Share your dilemmas and get honest opinions from other Mumsnetters.

to contemplate not letting my friend look after my DD as she is ALWAYS ill afterwards

31 replies

LeilaA · 23/01/2010 20:18

A good friend of mine who lives locally has a DS the same age as my DD (3). She often offers to look after my DD for the day, so I can work. But, every single time, she comes home and is ill the next day, cold/gastro/runny nose. She just doesn't look after them like I would. She lets them play outside in just a tracksuit (despite me sending her in layers of clothes/coats/scarves etc). She doesn't wash their hands before eating. Her DS is always ill, and always snotty, and she encourages kissing and cuddles all the time. I don't want to ruin our friendship, and I feel by bringing anything up, I would be criticising her, but what would you do.....?

OP posts:
misdee · 23/01/2010 20:19

what a good immune system your dd muct be building

Adair · 23/01/2010 20:20

Er... build up my daughter's immune system somewhat?
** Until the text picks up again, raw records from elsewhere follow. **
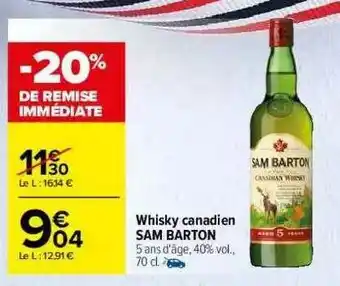 Carrefour Whisky Canadien Sam Barton offre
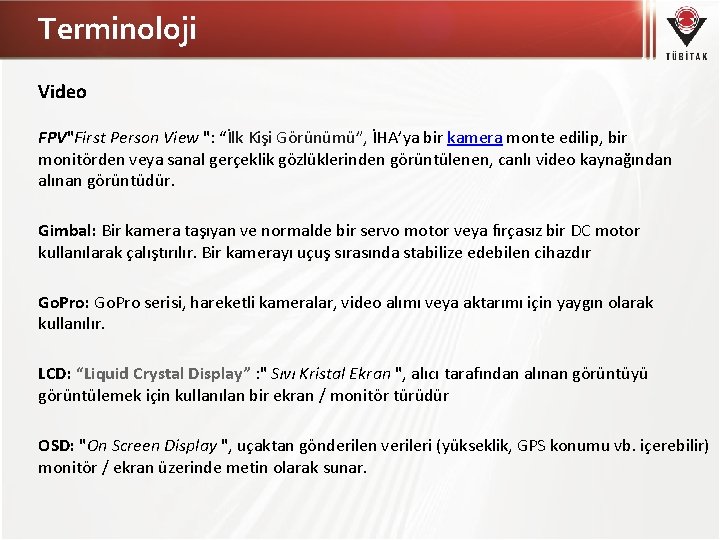 Terminoloji Video FPV"First Person View ": “İlk Kişi Görünümü”, İHA’ya bir kamera monte edilip,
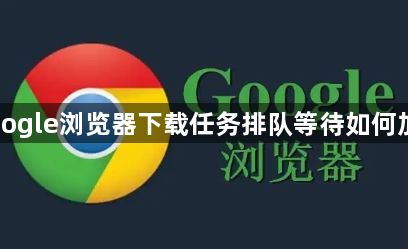 Google浏览器下载任务排队等待如何加速1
Kissing and cuddles . What a bitch.

Ingles2 · 23/01/2010 20:22

if you don't like the childcare your friend provides..why don't you pay for some?
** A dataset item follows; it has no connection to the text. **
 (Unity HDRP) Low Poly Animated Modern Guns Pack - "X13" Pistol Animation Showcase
CirrhosisByTheSea · 23/01/2010 20:22

don't criticise her - just don't send your dd any more if you don't want to. There's nothing to criticise imo, she has a different approach than you do, that's all.

heQet · 23/01/2010 20:23

If you're not happy with it, then don't let her look after her.

I can't see that kisses and cuddles are wrong, I think it's nice to be affectionate, but each to their own.

The only thing I would be concerned about is the "gastro" - if she has a dodgy tummy after every visit then I'd be questioning the food hygiene.

choosyfloosy · 23/01/2010 20:23

The washing hands before eating thing would bother me, and your daughter is too young to maintain that standard herself IMO. But that will change. When she offers, I would instead suggest all meeting up together so that you can keep an eye on the handwashing bit, and keep her friendship.

jalopy · 23/01/2010 20:25

LeilaA, you'll laugh at this thread in a few years.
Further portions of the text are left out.